It’s the night of the show. Claudia hefts her duffel bag onto one shoulder, exactly like she’s been told not to do. Goosebumps rise on her exposed calves as she hurries into the auditorium to escape the December chill. She finds a space amid the bags and bodies in the practice room and drops down on the vinyl floor next to her fellow dancers to begin warming up. She stretches out each muscle carefully, in a routine perfected by years of practice. Legs spread wide, then together, then one at a time. The other women are laughing, but today Claudia is silent. Today, she knows, is her last performance. Today she begins her grieving the loss of hopes and dreams.
Zippers squeal as the dancers rifle through their bags to pull out their shoes. Claudia places a gel spacer between her big and middle toes and wraps tape around the third. Then she pulls out a tube of Icy Hot pain relief gel and squeezes some onto the backs of her ankles, where her Achilles tendon lies. The minty smell fills the room. She rolls her pale tights down her calves and over her toes. She slips her right foot into the tight cavity of her pointe shoe.

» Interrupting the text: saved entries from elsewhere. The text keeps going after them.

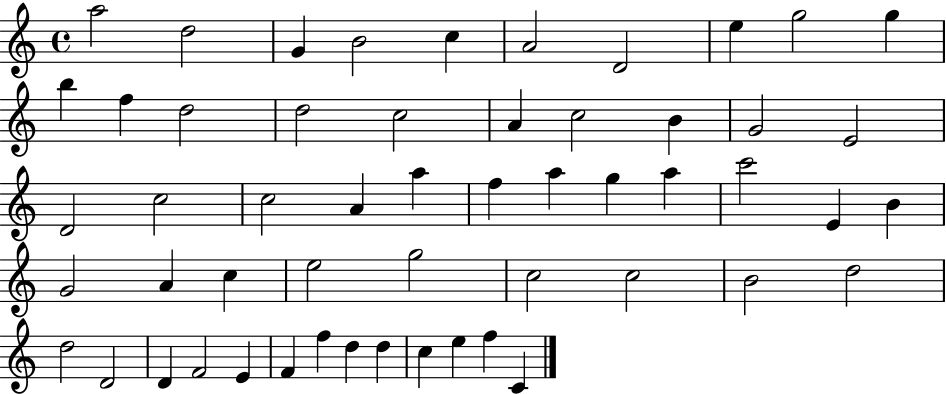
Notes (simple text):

A5/h D5/h G4/q B4/h C5/q A4/h D4/h E5/q G5/h G5/q B5/q F5/q D5/h D5/h C5/h A4/q C5/h B4/q G4/h E4/h D4/h C5/h C5/h A4/q A5/q F5/q A5/q G5/q A5/q C6/h E4/q B4/q G4/h A4/q C5/q E5/h G5/h C5/h C5/h B4/h D5/h D5/h D4/h D4/q F4/h E4/q F4/q F5/q D5/q D5/q C5/q E5/q F5/q C4/q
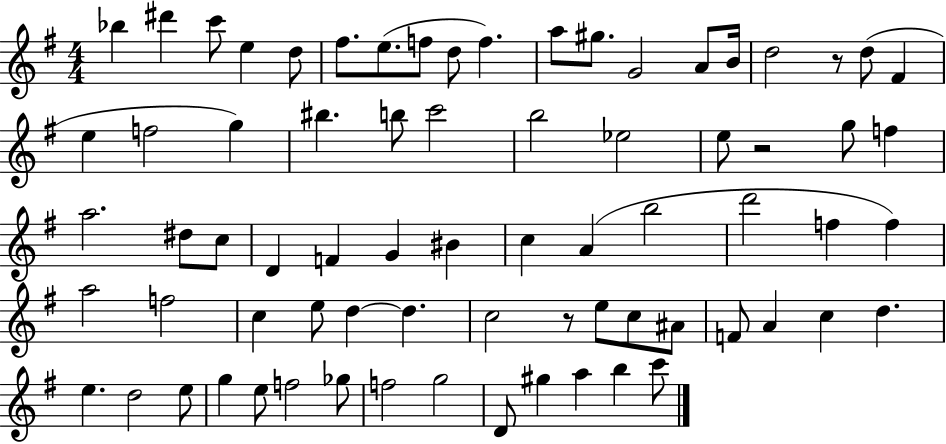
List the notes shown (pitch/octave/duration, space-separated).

Bb5/q D#6/q C6/e E5/q D5/e F#5/e. E5/e. F5/e D5/e F5/q. A5/e G#5/e. G4/h A4/e B4/s D5/h R/e D5/e F#4/q E5/q F5/h G5/q BIS5/q. B5/e C6/h B5/h Eb5/h E5/e R/h G5/e F5/q A5/h. D#5/e C5/e D4/q F4/q G4/q BIS4/q C5/q A4/q B5/h D6/h F5/q F5/q A5/h F5/h C5/q E5/e D5/q D5/q. C5/h R/e E5/e C5/e A#4/e F4/e A4/q C5/q D5/q. E5/q. D5/h E5/e G5/q E5/e F5/h Gb5/e F5/h G5/h D4/e G#5/q A5/q B5/q C6/e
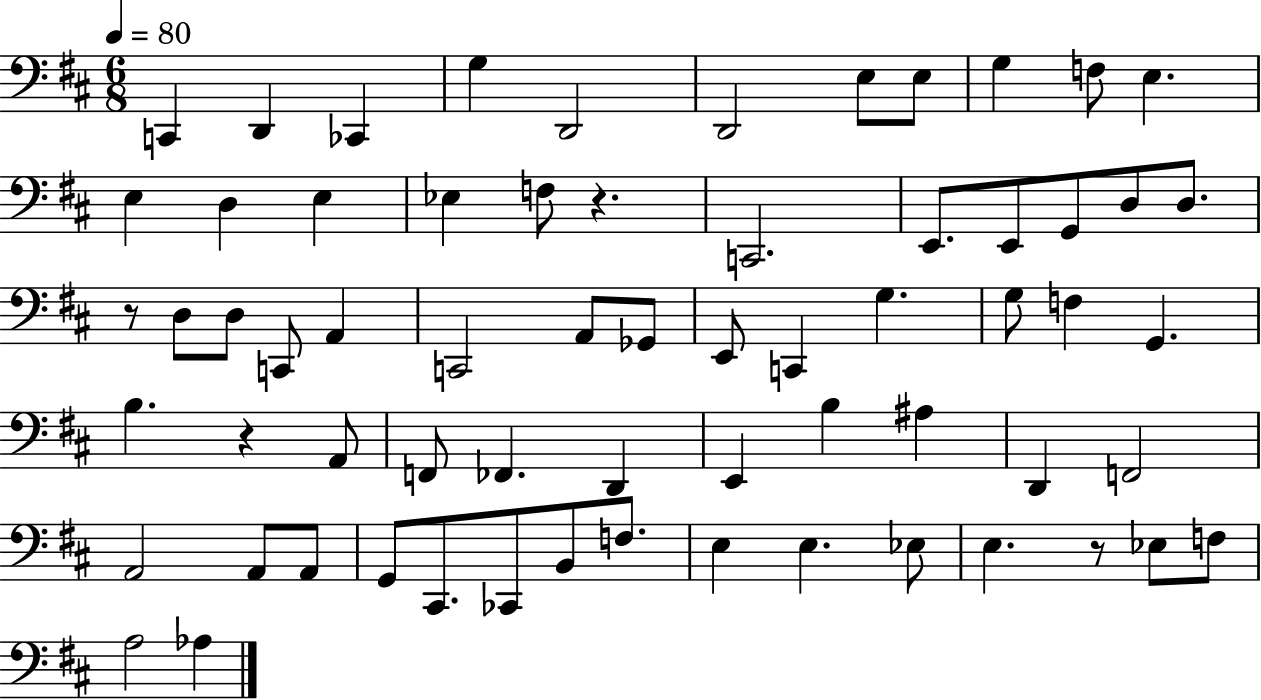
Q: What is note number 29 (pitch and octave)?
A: Gb2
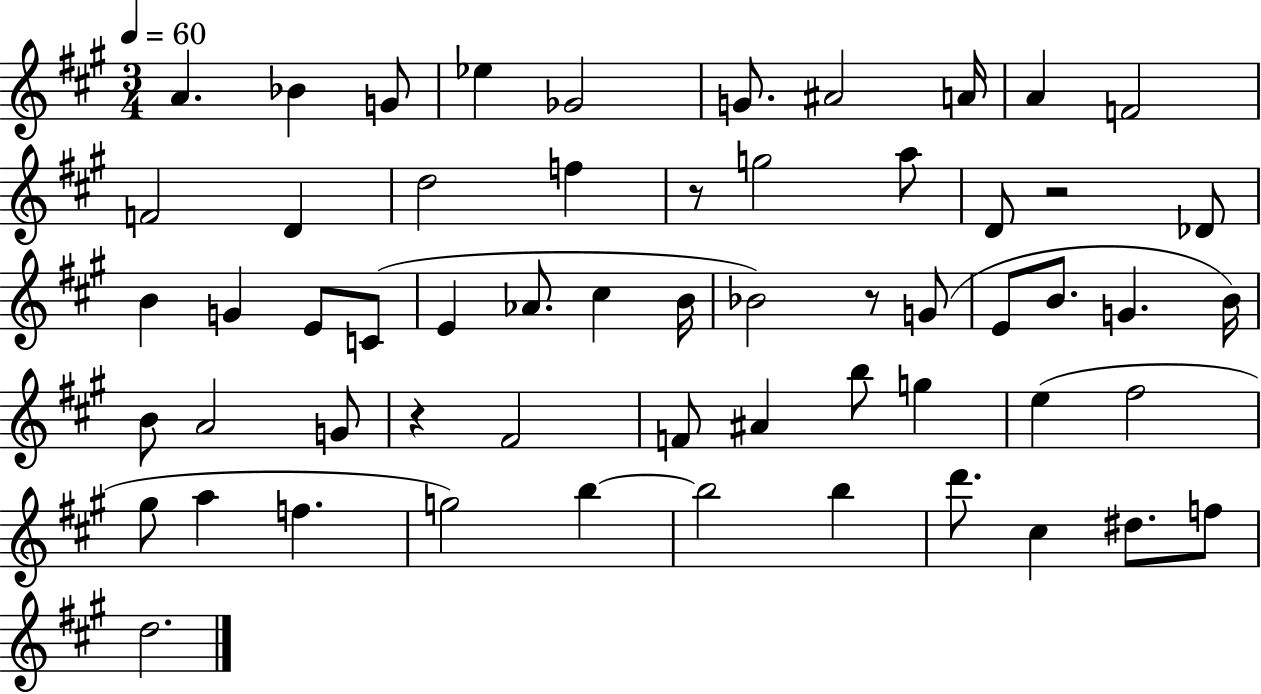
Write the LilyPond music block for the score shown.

{
  \clef treble
  \numericTimeSignature
  \time 3/4
  \key a \major
  \tempo 4 = 60
  \repeat volta 2 { a'4. bes'4 g'8 | ees''4 ges'2 | g'8. ais'2 a'16 | a'4 f'2 | \break f'2 d'4 | d''2 f''4 | r8 g''2 a''8 | d'8 r2 des'8 | \break b'4 g'4 e'8 c'8( | e'4 aes'8. cis''4 b'16 | bes'2) r8 g'8( | e'8 b'8. g'4. b'16) | \break b'8 a'2 g'8 | r4 fis'2 | f'8 ais'4 b''8 g''4 | e''4( fis''2 | \break gis''8 a''4 f''4. | g''2) b''4~~ | b''2 b''4 | d'''8. cis''4 dis''8. f''8 | \break d''2. | } \bar "|."
}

It’s been many years since she was fitted with her first pair, but she never tires of feeling the tips of her toes connect with the stiff box of the shoe. The hardened compress of satin is protective; the squeeze of her toes feels like home. Claudia slips the back of the shoe up over her heel where it clings, always in danger of slipping off but never doing so. She wraps one elastic ribbon across her ankle and up her shin, then the other. She connects them in a knot, which she tucks inside the loop. She stands and grips the barre bolted to two of the four walls of the room.
Mirroring the other dancers, Claudia begins a series of pliés and relevés to loosen her joints. Her knees scream as she bends them, and when she straightens, she can feel the joint grinding. Rising up to demi-pointe on the balls of her feet, she presses onto the tips of her toes. Her Achilles burn as she flexes and straightens them by rising en pointe and sinking into pliés. She begins a series of tendus, pointing her leg out in front of her. As she progresses through the standard warm-up exercises, the tension she didn’t even realize she was carrying fades away. She belongs here, on her toes above the world.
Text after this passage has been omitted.